[Data records Boundary: Start]
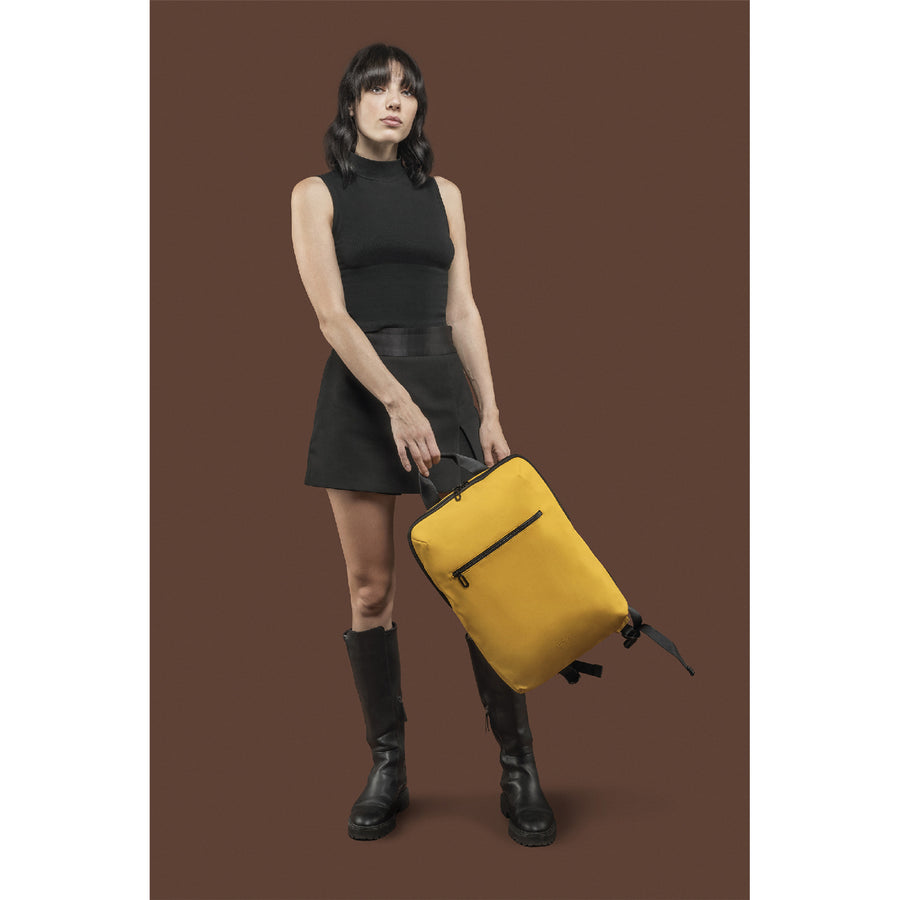 Tucano GOMMO   Backpack for Laptop 15.6" Macbook Pro 16" - Yellow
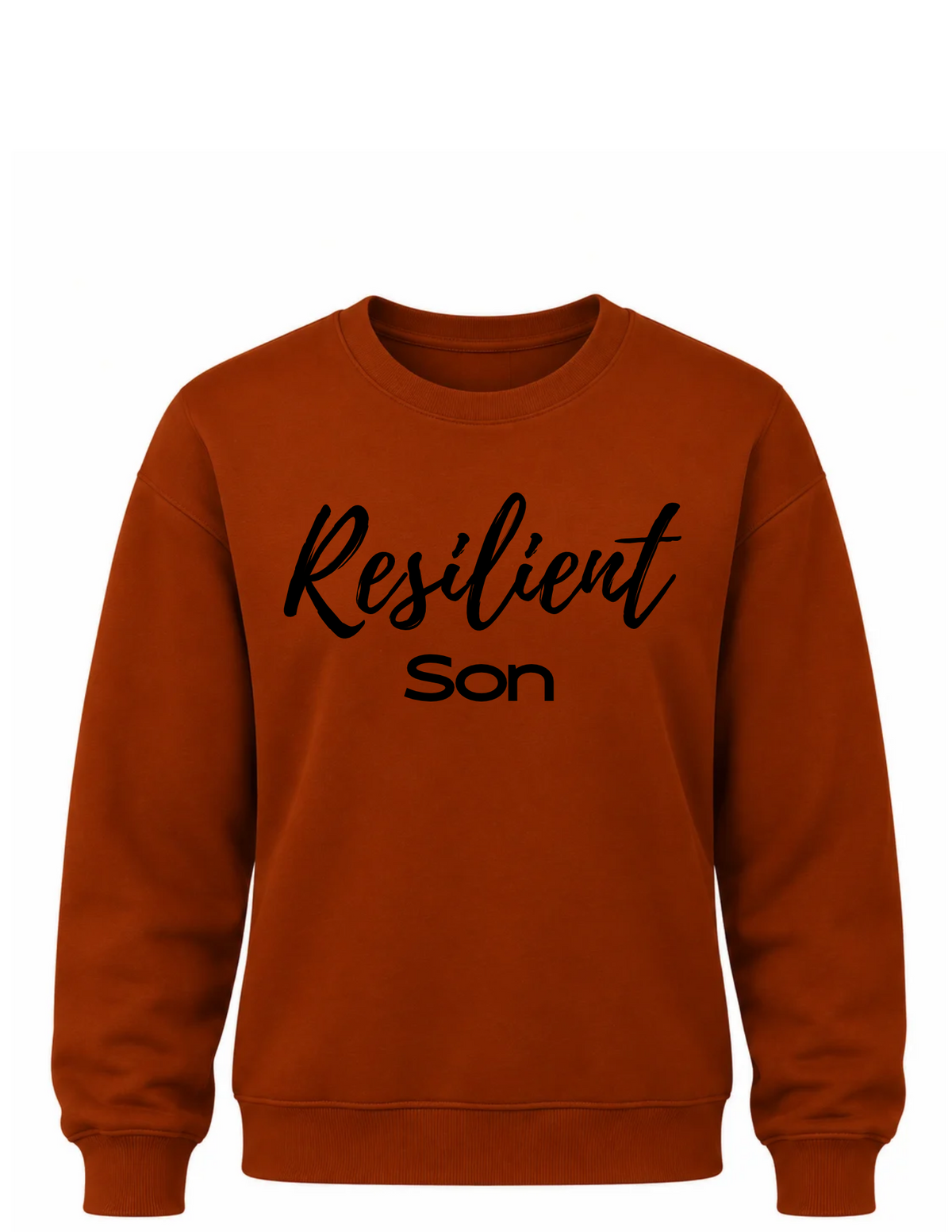 Men's Inspirational Crew-neck sweatshirt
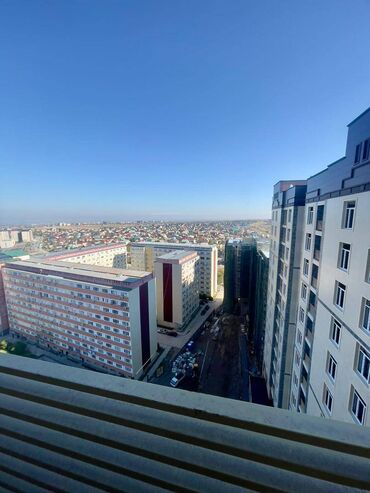 Продажа участков: 2 комнаты, 73 м², Элитка, 14 этаж, ПСО (под самоотделку)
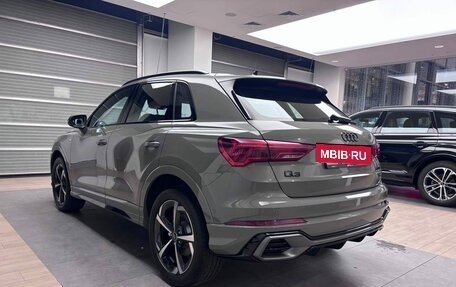 Audi Q3, 2025 год, 5 590 000 рублей, 3 фотография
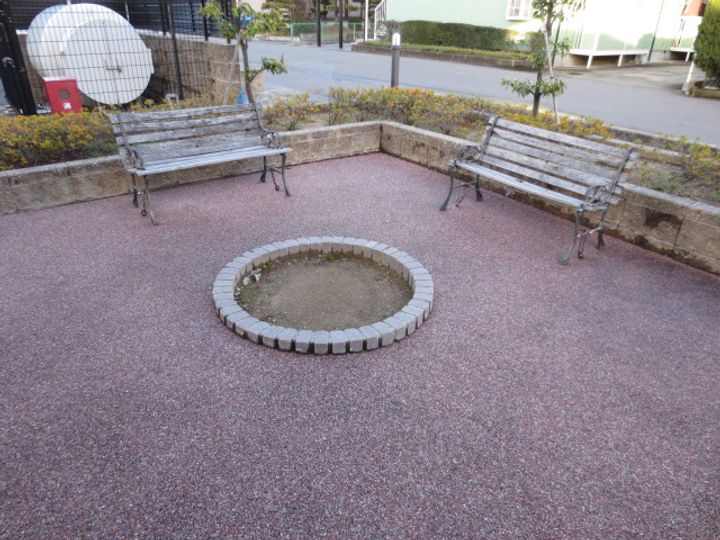 ザ・ウィング Sの周辺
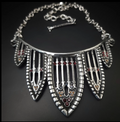 Gothic Cathedral Window Collar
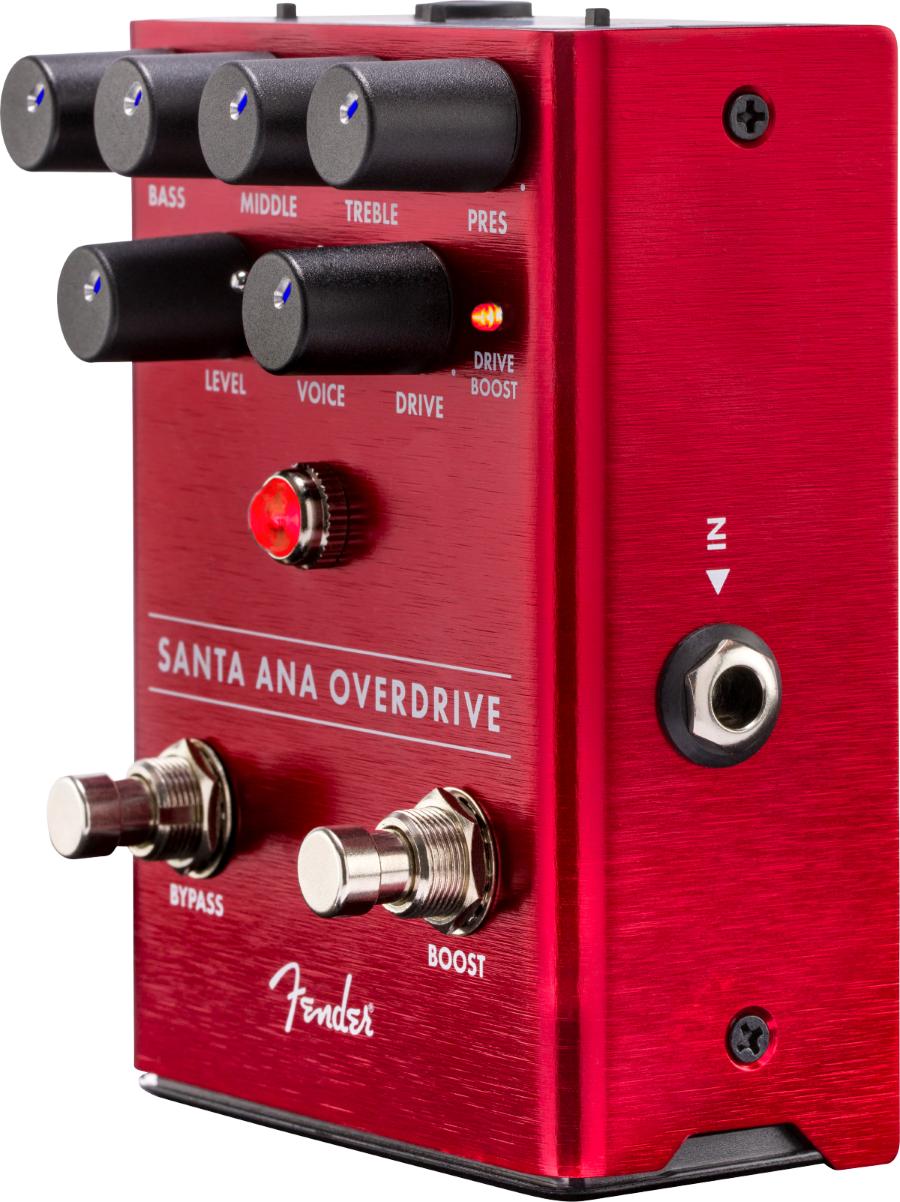 Fender Santa Ana Overdrive Pedal - 0234533000_pdl_frtangleleft_001_nr.jpg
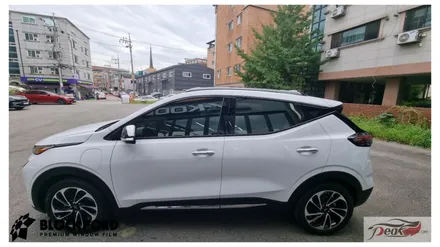 병점썬팅 전문점 볼트EUV 블락포디 VIVA 시공 / 화성시 진안동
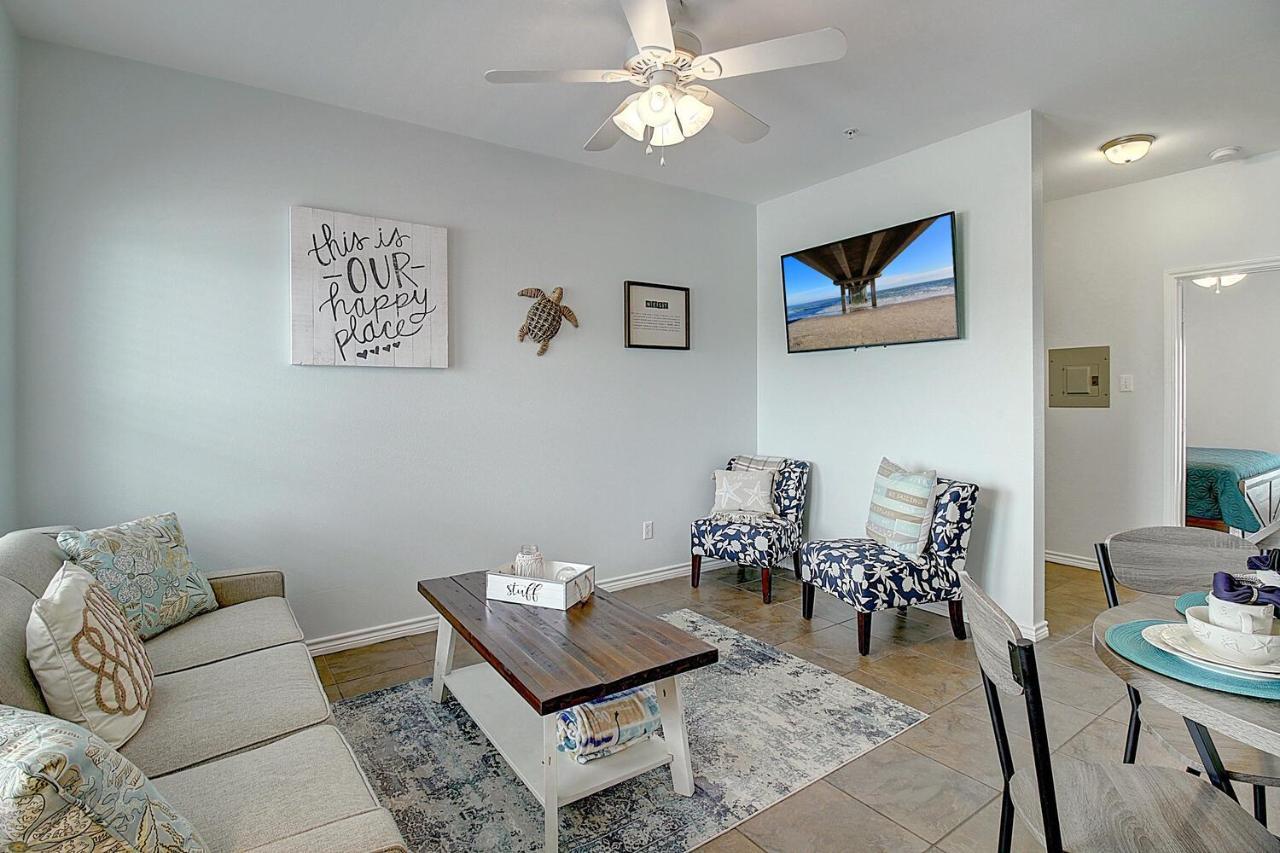 Lei Away Apartman Port Aransas Kültér fotó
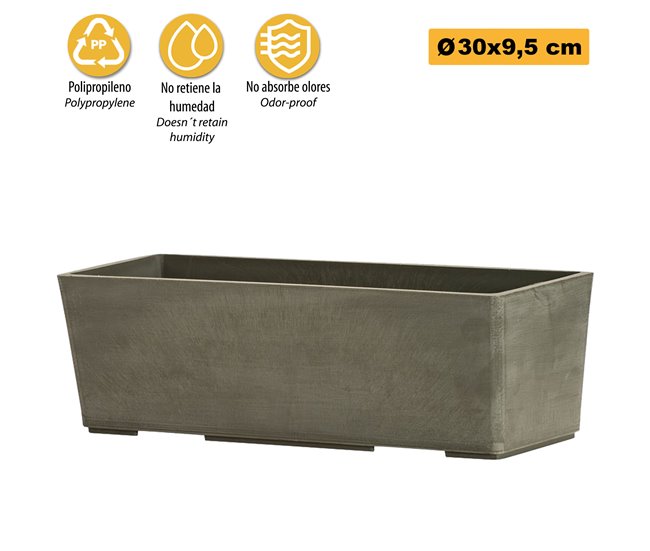 Conforama Jardinera 30 Cm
[Data records Boundary: End]
▶ [What is required]
Everything from the line holding "병점썬팅 전문점 볼트EUV 블락포디 VIVA 시공 / 화성시 진안동" to the close of the records should be written out exactly, both ends included, with pictures omitted.

▶ [Your response]
 병점썬팅 전문점 볼트EUV 블락포디 VIVA 시공 / 화성시 진안동
 Lei Away Apartman Port Aransas Kültér fotó
 Conforama Jardinera 30 Cm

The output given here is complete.